▶ WHAT TO WORK ON: For each line in the records that contains "with", make a copy.

(Beginning of DATASET ENTRIES)

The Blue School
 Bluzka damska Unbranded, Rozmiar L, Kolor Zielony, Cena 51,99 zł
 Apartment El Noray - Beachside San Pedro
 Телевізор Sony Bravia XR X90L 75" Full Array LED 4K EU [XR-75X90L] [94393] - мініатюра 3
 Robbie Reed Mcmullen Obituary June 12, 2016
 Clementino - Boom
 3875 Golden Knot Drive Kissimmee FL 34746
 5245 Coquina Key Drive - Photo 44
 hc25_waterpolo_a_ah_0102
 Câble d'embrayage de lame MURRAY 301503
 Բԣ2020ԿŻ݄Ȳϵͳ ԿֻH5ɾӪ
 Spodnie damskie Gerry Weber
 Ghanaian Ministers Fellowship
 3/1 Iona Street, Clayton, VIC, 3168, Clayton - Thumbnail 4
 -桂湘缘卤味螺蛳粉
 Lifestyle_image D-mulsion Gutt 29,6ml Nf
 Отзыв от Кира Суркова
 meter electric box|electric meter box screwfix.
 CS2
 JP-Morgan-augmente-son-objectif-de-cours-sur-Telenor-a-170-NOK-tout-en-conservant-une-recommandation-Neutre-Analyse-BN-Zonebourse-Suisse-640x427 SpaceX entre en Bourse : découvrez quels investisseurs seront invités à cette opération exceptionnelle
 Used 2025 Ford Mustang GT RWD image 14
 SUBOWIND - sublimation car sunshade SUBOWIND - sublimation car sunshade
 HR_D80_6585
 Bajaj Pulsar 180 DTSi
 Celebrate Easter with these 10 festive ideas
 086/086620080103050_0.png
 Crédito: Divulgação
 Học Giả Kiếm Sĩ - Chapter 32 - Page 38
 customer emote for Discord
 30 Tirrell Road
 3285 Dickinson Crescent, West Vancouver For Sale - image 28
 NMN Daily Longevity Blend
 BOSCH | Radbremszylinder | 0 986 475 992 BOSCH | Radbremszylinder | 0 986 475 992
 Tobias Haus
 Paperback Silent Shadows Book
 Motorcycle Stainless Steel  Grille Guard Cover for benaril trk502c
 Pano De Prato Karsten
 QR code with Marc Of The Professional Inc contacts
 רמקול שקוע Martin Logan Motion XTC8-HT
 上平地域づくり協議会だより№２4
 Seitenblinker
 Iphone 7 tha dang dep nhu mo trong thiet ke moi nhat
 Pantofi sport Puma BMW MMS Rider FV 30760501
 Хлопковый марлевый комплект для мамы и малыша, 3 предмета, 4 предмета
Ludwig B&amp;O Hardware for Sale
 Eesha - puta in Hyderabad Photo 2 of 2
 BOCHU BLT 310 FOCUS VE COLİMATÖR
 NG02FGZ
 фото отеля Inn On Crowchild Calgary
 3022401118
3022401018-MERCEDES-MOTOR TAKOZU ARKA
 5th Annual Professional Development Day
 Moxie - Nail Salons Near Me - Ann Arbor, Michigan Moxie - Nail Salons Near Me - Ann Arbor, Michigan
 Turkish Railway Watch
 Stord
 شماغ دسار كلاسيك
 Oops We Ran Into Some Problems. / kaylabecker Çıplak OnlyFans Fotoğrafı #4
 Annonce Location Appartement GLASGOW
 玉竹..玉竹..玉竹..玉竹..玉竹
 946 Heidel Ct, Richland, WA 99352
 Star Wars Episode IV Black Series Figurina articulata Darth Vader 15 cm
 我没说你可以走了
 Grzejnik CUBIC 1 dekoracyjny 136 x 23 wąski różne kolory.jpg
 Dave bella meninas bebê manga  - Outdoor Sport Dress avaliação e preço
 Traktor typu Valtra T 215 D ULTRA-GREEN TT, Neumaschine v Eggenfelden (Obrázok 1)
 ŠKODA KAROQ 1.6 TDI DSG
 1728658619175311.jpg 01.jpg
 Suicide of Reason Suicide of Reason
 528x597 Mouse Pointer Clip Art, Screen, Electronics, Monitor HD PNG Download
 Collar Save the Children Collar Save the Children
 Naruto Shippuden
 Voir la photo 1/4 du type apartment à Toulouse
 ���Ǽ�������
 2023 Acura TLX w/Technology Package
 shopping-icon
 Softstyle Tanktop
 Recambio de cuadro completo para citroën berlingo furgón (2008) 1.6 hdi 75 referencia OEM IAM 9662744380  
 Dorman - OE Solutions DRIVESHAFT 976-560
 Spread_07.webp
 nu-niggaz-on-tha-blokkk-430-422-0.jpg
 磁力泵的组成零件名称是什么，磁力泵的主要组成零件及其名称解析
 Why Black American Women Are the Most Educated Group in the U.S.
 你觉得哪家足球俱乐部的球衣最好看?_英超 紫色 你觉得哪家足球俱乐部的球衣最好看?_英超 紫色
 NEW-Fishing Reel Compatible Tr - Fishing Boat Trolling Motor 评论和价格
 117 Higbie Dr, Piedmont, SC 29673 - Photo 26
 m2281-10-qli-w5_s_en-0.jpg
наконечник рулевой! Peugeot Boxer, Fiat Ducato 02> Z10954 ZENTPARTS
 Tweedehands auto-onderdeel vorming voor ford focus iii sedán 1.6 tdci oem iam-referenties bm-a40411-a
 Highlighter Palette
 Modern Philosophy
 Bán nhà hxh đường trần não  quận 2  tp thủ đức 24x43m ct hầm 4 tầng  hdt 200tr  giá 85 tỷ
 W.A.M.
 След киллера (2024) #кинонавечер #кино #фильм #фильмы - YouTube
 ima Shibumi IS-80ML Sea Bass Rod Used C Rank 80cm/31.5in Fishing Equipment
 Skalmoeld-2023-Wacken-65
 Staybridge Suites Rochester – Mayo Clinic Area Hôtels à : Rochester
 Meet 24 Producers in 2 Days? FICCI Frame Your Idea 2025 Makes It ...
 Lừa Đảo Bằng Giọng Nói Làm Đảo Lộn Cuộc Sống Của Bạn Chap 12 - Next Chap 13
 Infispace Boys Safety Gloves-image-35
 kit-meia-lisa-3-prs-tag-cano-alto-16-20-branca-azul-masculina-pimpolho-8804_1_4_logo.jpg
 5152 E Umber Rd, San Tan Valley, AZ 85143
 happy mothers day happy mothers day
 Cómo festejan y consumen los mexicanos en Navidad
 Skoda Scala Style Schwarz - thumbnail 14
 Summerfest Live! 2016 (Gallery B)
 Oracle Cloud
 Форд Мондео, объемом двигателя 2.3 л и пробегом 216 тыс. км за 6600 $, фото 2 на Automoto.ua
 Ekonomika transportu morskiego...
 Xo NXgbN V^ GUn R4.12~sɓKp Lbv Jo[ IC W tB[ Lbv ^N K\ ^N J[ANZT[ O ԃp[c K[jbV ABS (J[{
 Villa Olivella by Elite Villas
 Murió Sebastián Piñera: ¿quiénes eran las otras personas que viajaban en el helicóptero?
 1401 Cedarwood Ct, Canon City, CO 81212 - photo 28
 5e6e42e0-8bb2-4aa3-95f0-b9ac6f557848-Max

(End of DATASET ENTRIES)

▶ ANSWER SPACE:
 Celebrate Easter with these 10 festive ideas
 QR code with Marc Of The Professional Inc contacts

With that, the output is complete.